Michael Divine

Sitting in a cafe. The blue sky supports my sense of endless being. So does the americano. Then I read the news, my emails… and slowly… slowly the great and infinite sense of personal power is stripped away. Chiseled and chipped… war.. famine… my rights are usurped by fear mongers. The country I live in is being sold off left and right to religious zealots, the rights that many died for are being nixed in the name of freedom are all rolling over in their graves moaning and groaning and casting curses towards those who deem themselves the rulers of the free world. What irony!

Then I look at the bills piling up, debts, etc…

I look at that that infinite blue sky and it feels very far away.

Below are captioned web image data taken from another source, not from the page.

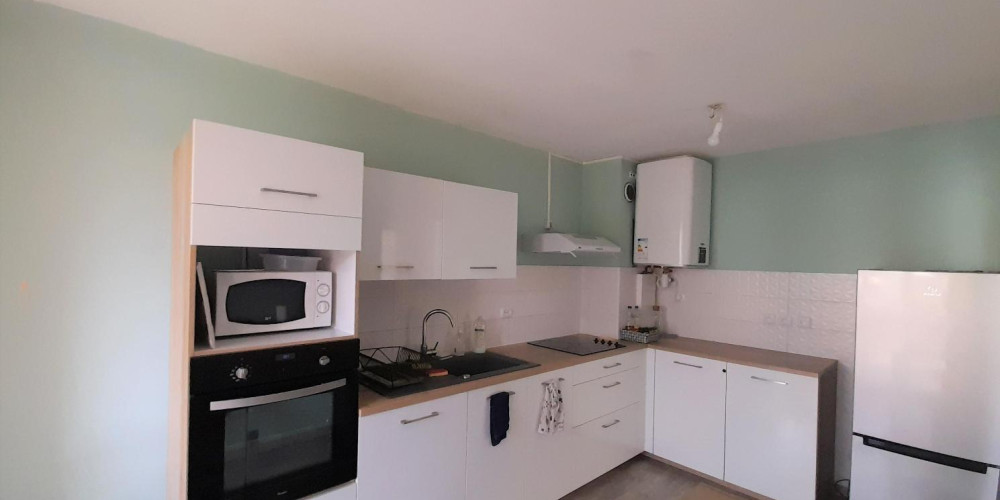 appartement à AGEN (47000)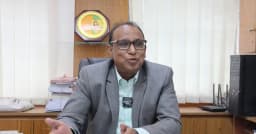 ২০২৭ সালের মধ্যে সেশনজটমুক্ত বাউবি: ফলাফল নয়, দক্ষতায় গুরুত্ব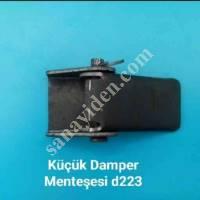 KÜÇÜK DAMPER MENTEŞESİ,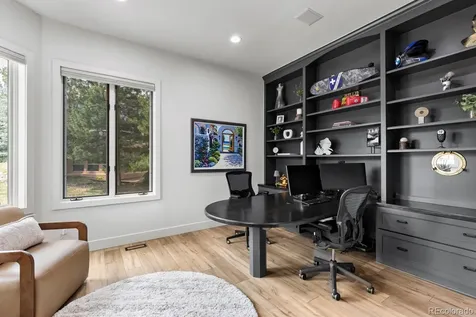 4636 N Ponderosa Trail Littleton CO 80125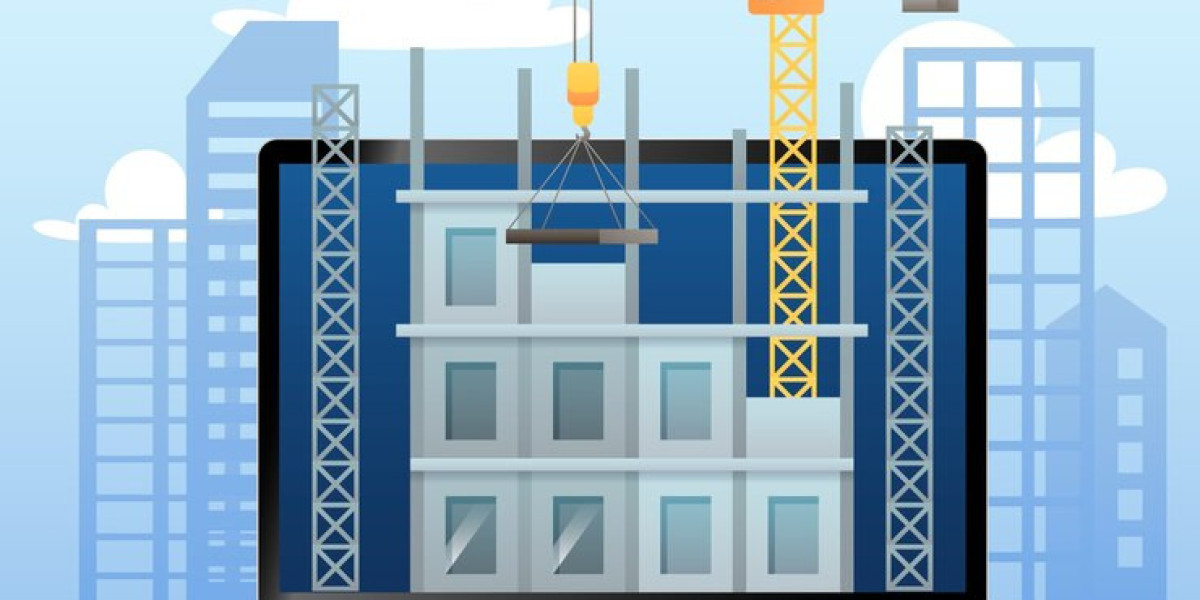 Defining the Boundaries: The GCC Construction Software Market Scope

How does that happen – this sense of being that shifts from moment to moment. I can change the world! I say. But what to do? I can organize. I can theorize. I can. But how? We all wanna start a revolution. And so we stage them in ourselves. We create the world around us. How am i creating a war that can’t be stopped? Death, famine, destruction? If that is how i choose to see it… How do i sit idly by while people throw themselves over a cliff?

Is this some instinctual behavior we’re following? Did we dream up this entire elaborate fantasy? For what? To destroy ourselves? Then why? Because we hate ourselves? We hate what we have become? Selfish. Greedy. Self-Centered. Self-Righteous. The list could go on. Did we have forget how to love ourselves and each other?

Some days I look to see how I can get out of my own bubble- I am surrounded by friends, like-minded people, my own creativity. I don’t associate with the people who i don’t agree with (and they live right next door!). I read and listen to what I believe I want to listen to.

Yet, I could invite over the neighbors for dinner and dessert I could… but i don’t… that involves stepping outside of my preconceived boundaries (and, to be honest, I’m just not that kind of extrovert). And that right there is where the trouble lies: we live within our preconceived boundaries, afraid to try on a new outfit, a different mode of thought, a new way of being.

Those new ways of being sometimes create a greater sense of love.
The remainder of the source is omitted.